-- DATASET EXCERPT follows --

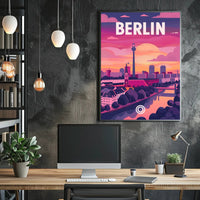 Berlin TV Tower Modern Urban Cityscape Travel Poster PosterGoat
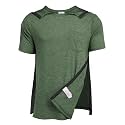 Deyeek Men's Post Shoulder Surgery Shirts Soft Tear Away Short Sleeve Tops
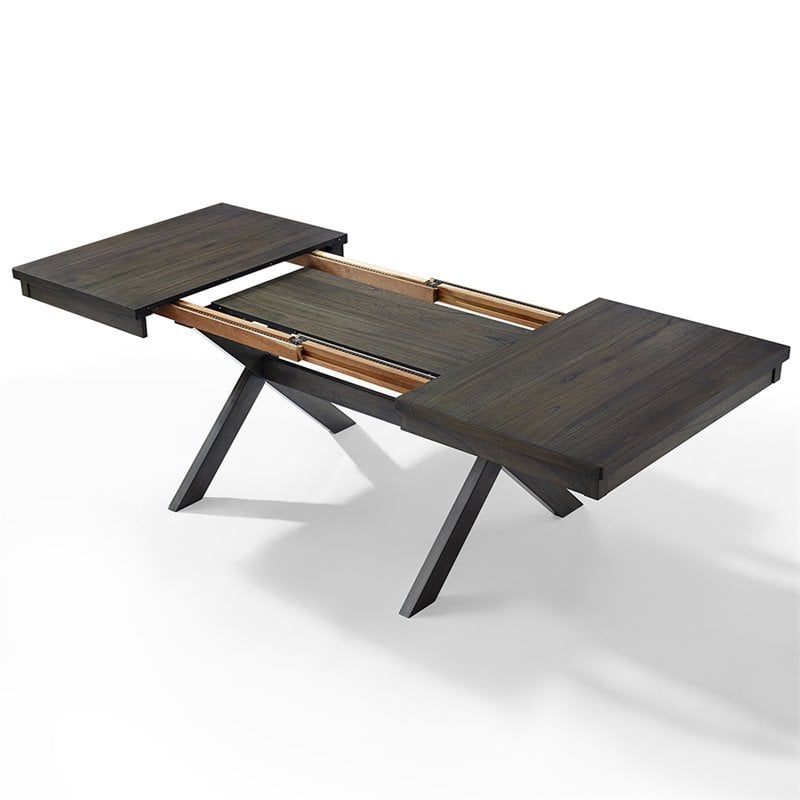 Crosley Furniture Hayden Wood 6 Piece Butterfly Leaf Trestle Dining Set in Slate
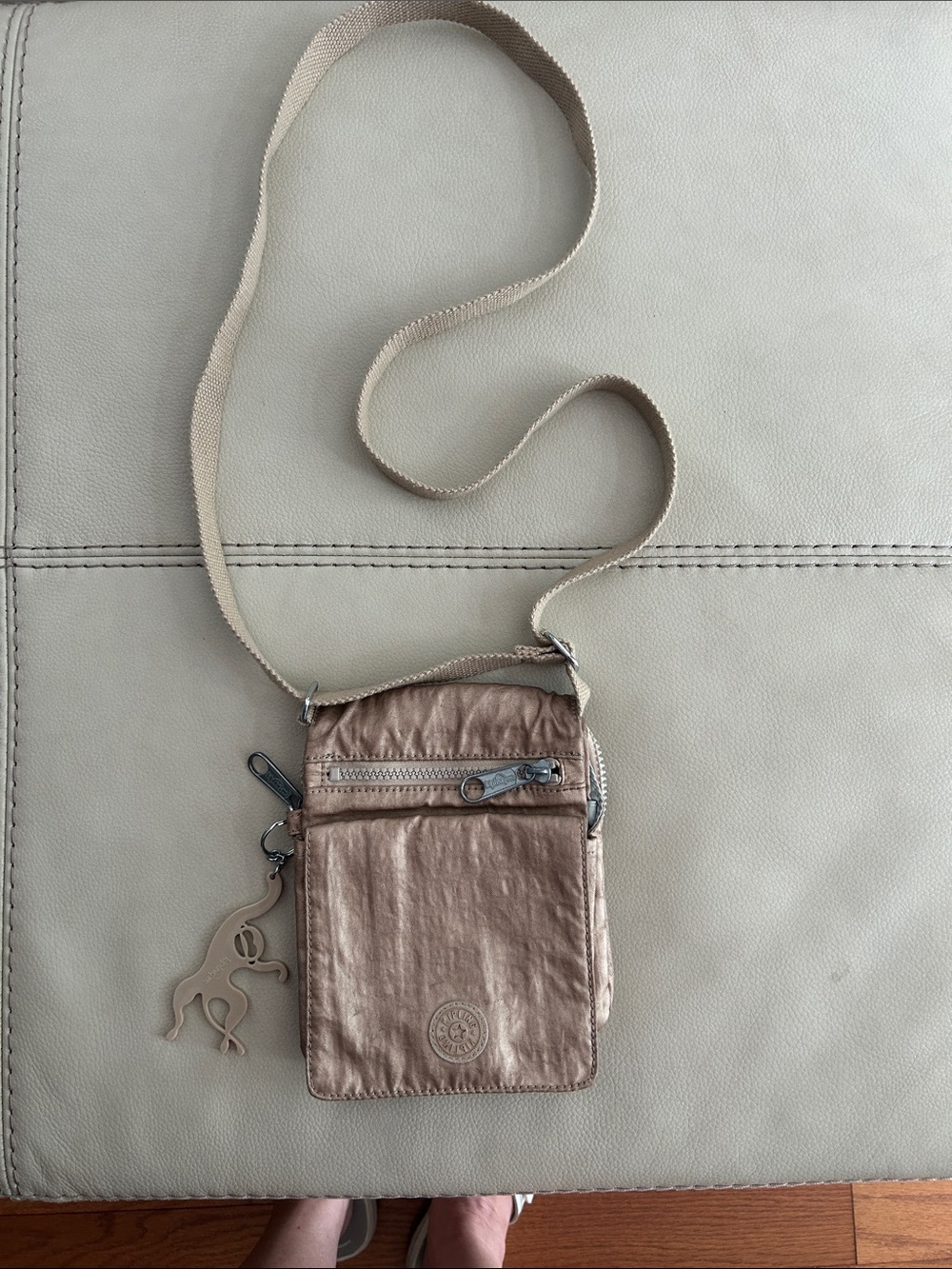 Kipling Small  Metallic Beige Crossbody  with Charm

-- DATASET EXCERPT concluded --

▸ **YOUR OBJECTIVE**
Return all of the lines above without alteration, minus the pictures.

▸ **ANSWER SPACE**
 Berlin TV Tower Modern Urban Cityscape Travel Poster PosterGoat
 Deyeek Men's Post Shoulder Surgery Shirts Soft Tear Away Short Sleeve Tops
 Crosley Furniture Hayden Wood 6 Piece Butterfly Leaf Trestle Dining Set in Slate
 Kipling Small  Metallic Beige Crossbody  with Charm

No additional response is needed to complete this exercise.